Day after day, you do the same thing, and at the end of the year, WOOHOO!! Boom town. You open the container and there you see $2,000 or whatever amount. Sounds legit?
Did you notice anything wrong here?
Well... if you go about with your daily life, you don't change your habits. You don't change your spending habits either. You're just going to withdraw any shortfall which you have and continue to spend, or you're going to be spending on your credit card anyway if you don't have the cash. The $5 saved comes from the same place. It's not like it appeared magically out of nowhere. Meaning...
THERE'S NO DIFFERENCE!!!
You're "saving" the same money, or the same amount of money. It just looks like you "saved" $2,000 cos you stashed it in a box and now you can count it. But in truth, nothing has changed, you didn't stop yourself from buying anything right? You just continued your life like nothing has changed, you just kept $5 notes as "collectables". Nothing more.
Maybe a real challenge would be to carry only $10 in your wallet everyday, then only spend that amount on food court food for lunch. You know. Like when you were in school. Then everyday, it get's refreshed to $10 again, and you save whatever excess left after lunch. Ok, now, that's a challenge cos I know some folks who spend easily $15 if they go to a Korean restaurant during lunch plus drinks. Or maybe you set a clear $300 as lunch allowance for the month like when you were back in school. And the amount is budgeted from all your spending. So you have to count along with your credit card spend and cash. The problem is once you allow credit card usage, more often than not, people will lose discipline. Oh just once, I'll just swipe the card, what's another $20 for a nice meal, it's been a rough day.
So as you can see, if there's no change in spending patterns, there's no additional savings.

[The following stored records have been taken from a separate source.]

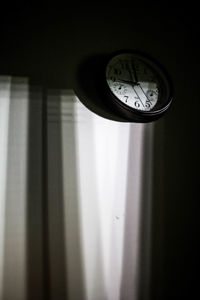 Low angle view of clock on window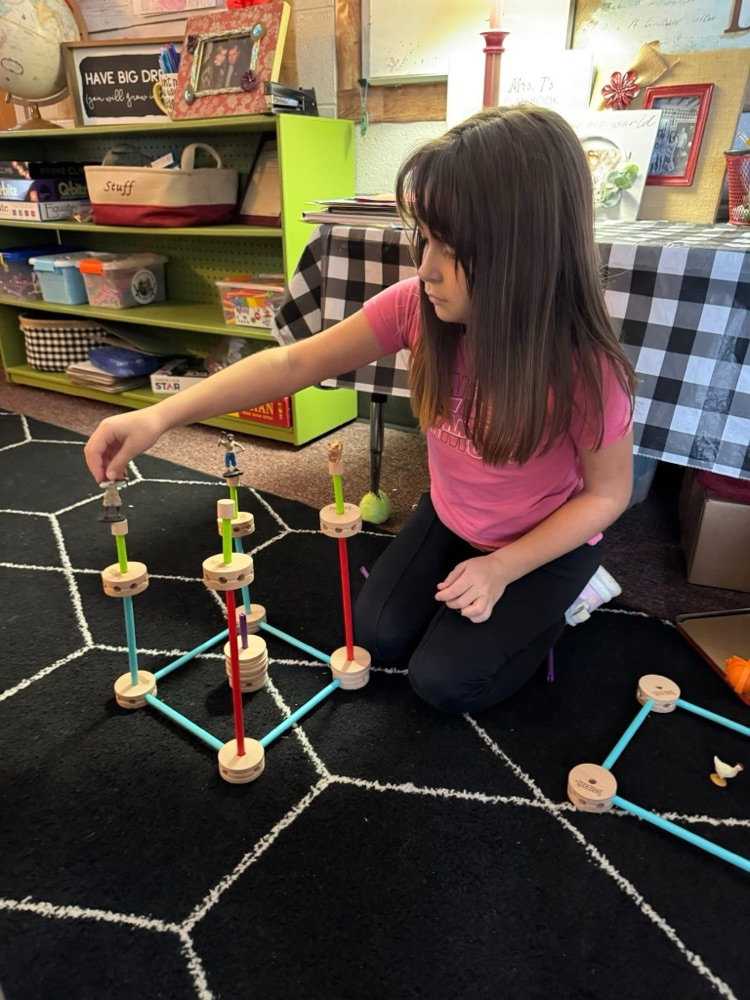 student playing with manipulatives 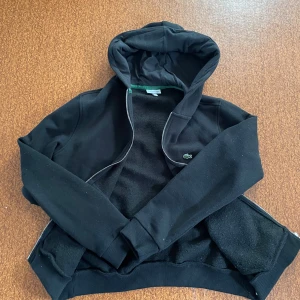 Svart hoodie från Lacoste med dragkedja - Svart hoodie från Lacoste med klassisk krokodillogga på bröstet. Tröjan har huva, långa ärmar och dragkedja framtill. Tillverkad i mjuk bomullsmix med ribbade muddar och nederkant. Perfekt för chill dagar och streetstyle.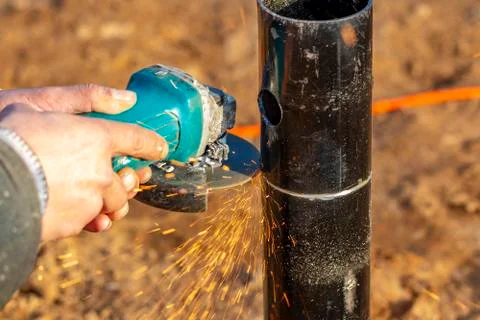 Angle grinder, pipe end. Foundation works. Locksmith. Stock Photos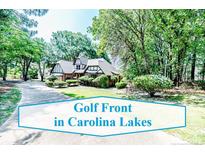 Charming two-story home with brick accents and lush landscaping on a sunny day at 259 Golf Dr, Sanford, NC 27332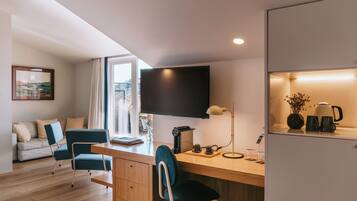 Une chambre moderne équipée d’un bureau, de chaises, d’un téléviseur à écran plat, d’une machine à café et offrant une vue sur l’extérieur.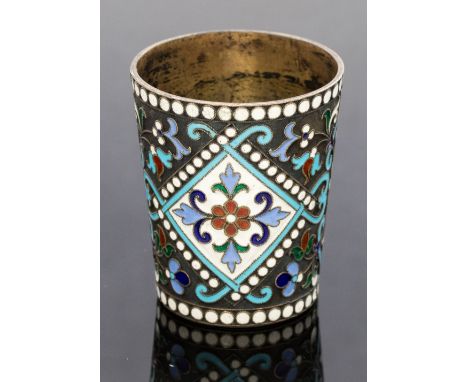 A Russian silver gilt and cloisonne enamel tot, of beaker form, first Kokoshnick mark, circa 1896-1908, maker Vasily Andreyev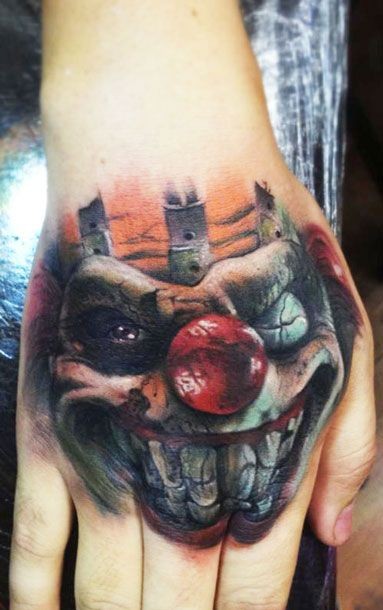 Spooky clown with red nose tattoo on hand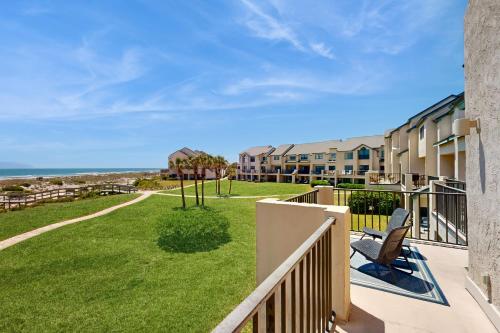a balcony with a view of the ocean from a condo at Sailmaker in Fernandina Beach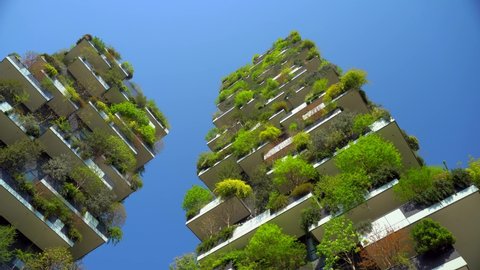 Milan, Italy, April 19, 2020: modern and ecological skyscrapers with many trees on each balcony. Bosco Verticale. Modern architecture, vertical gardens, terraces with plants. Green Planet. Blue sky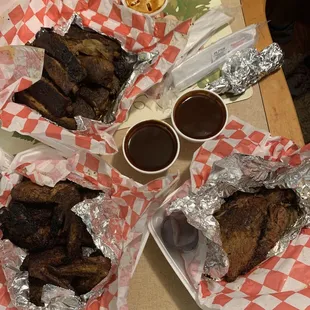 Slab of ribs, pound of brisket, and order of 8 wings.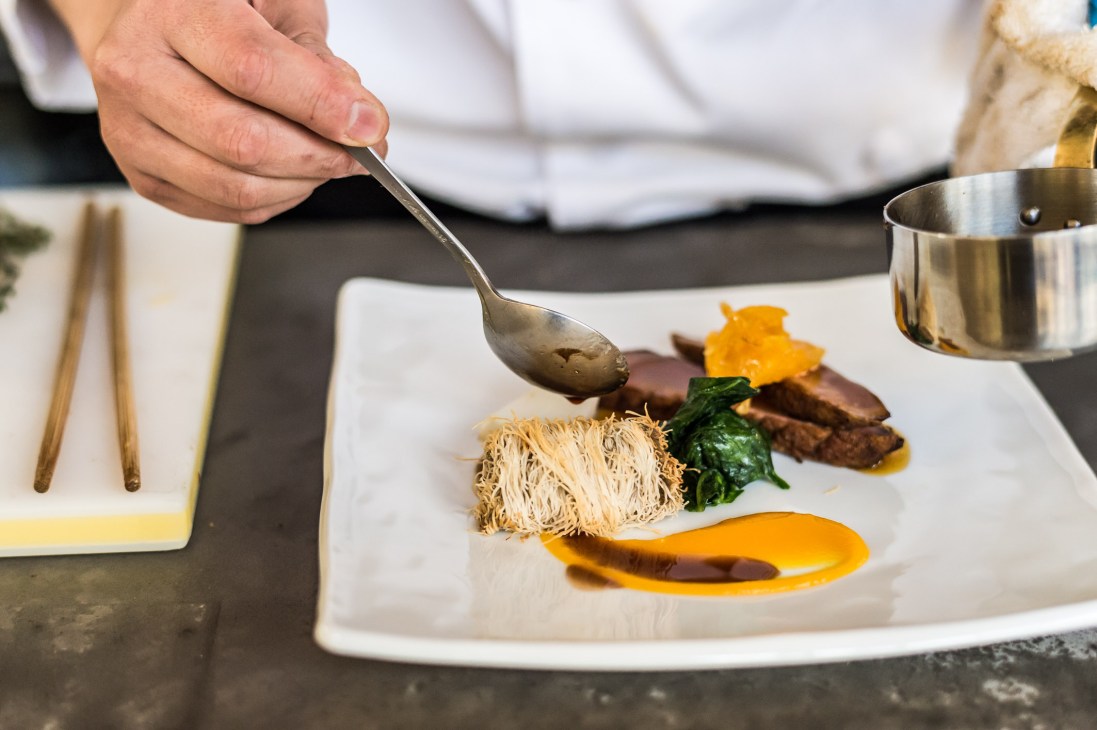 Chef plating a fine dining dish with noodles, meat, and yellow garnish at Woodside Restaurant.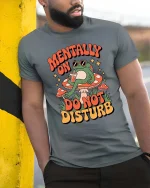 Mentally On Do Not Disturb Frog Funny Graphic t-shirt Tee - model wearing grey tee, leaning on column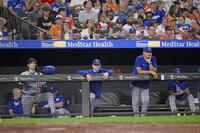 　オリオールズ戦の９回、ベンチで試合を見つめる大谷（手前左）ら。この後ドジャースはサヨナラ負けし、４連敗となった（共同）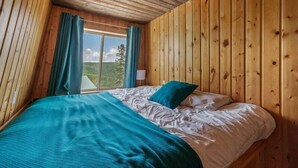 A wooden-paneled room with a bed, curtains, and a window overlooking greenery. - Der Kastle Ski Condo · Schweitzer Retreat Comfort for all Prime location (Sandpoint)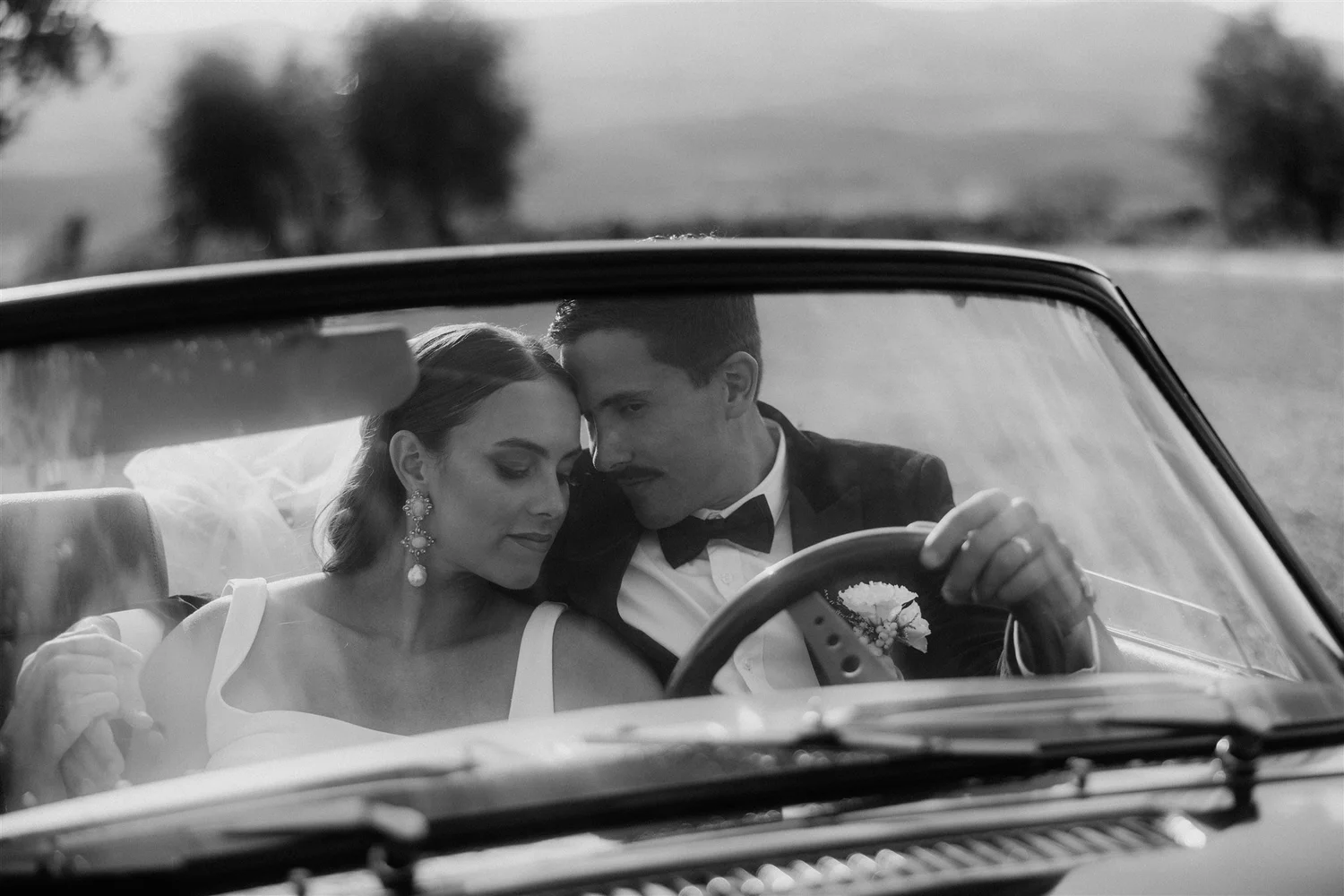 Black and white photo of a bride and groom sitting in a car, touching foreheads with eyes closed, appearing to be on their wedding day.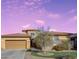 Charming two-story home features a two-car garage and well-manicured front yard with beautiful flowering shrubbery at 5322 W Coles Rd, Laveen, AZ 85339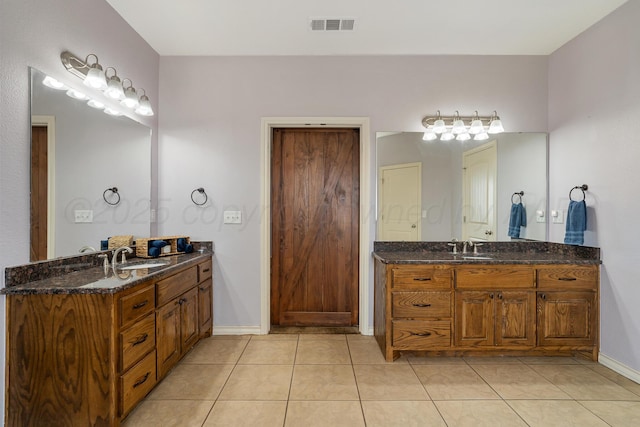 bathroom featuring tile patterned floors, visible vents, baseboards, and two vanities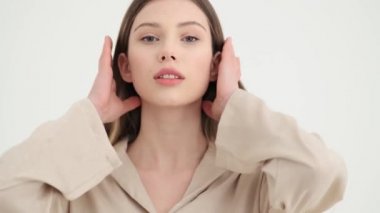 Çekici genç bir kadın kameraya poz veriyor. Stüdyoda beyaz arka planda tek başına duruyor.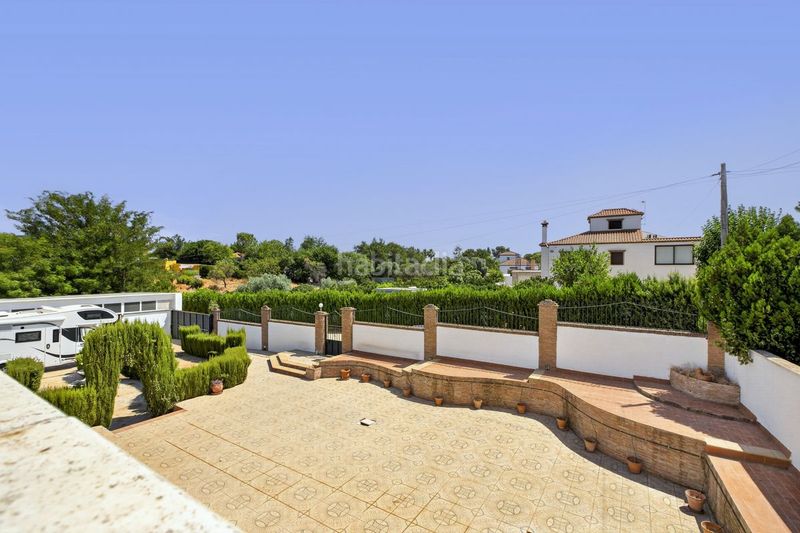Foto 4a8a2b55-b31b-4b24-bd5a-9f23cd053e41. Casa amb calefacció aparcament piscina a Carmona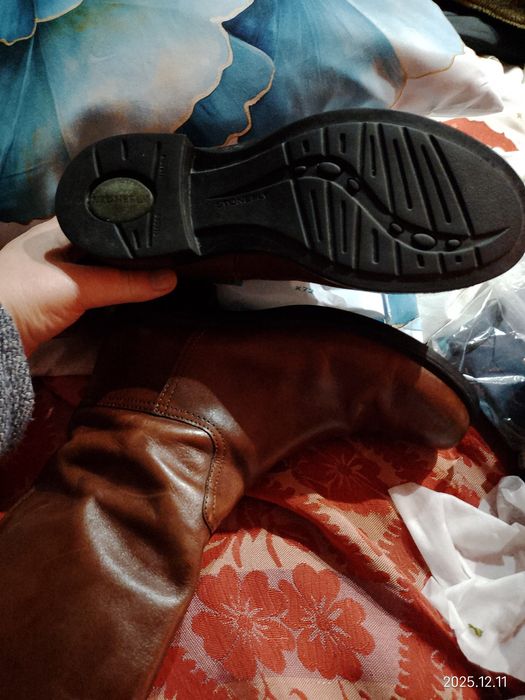 Botas de cano alto em pele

It would be cool to live like a school kid again, and give yourself a monthly allowance for lunch money and try to live within that. It needs to be challenging enough and yet not punishing. Just lunch money. Live the weekends normally and everything else, just keep it constant.
Maybe a good amount for lunch money would be 4x $5 and 1x $15. So $35 per week? ($140 per mth)
4 meals at a food court and 1 meal at a nicer place. Not too tough, at least I think it's not too tough.
Then if you don't spend it all, you can roll over to the next week. Hey that's a benefit, you can eat something nicer.
And to add another challenge, you can challenge your partner at the same time. Maybe at the end of the month you can see who has more left and the loser has to double the larger amount into the joint account. And the winner can just contribute the saved amount into the joint account. If the loser has exceeded the budgeted amount, then the loser needs to pay 100x the winner's amount.
This is a punishment to prevent conflict of interest. One party might decide to heck care the game and just anyhow spend, cos double of the winning amount isn't a lot, cos it's what's left at the end of the month, which would probably just be $10-$20 left out of the $140 budget.
(Note that the $10-$20 is just what's left of the allowance, not the total savings. Total savings is what you regularly spend minus the budget minus the $10-$20. That's the real savings, which could be quite a lot cos most people don't track their lunch spending very well, cos it's always just a couple of bucks here and there, so much so that $15 is also just couple of bucks.)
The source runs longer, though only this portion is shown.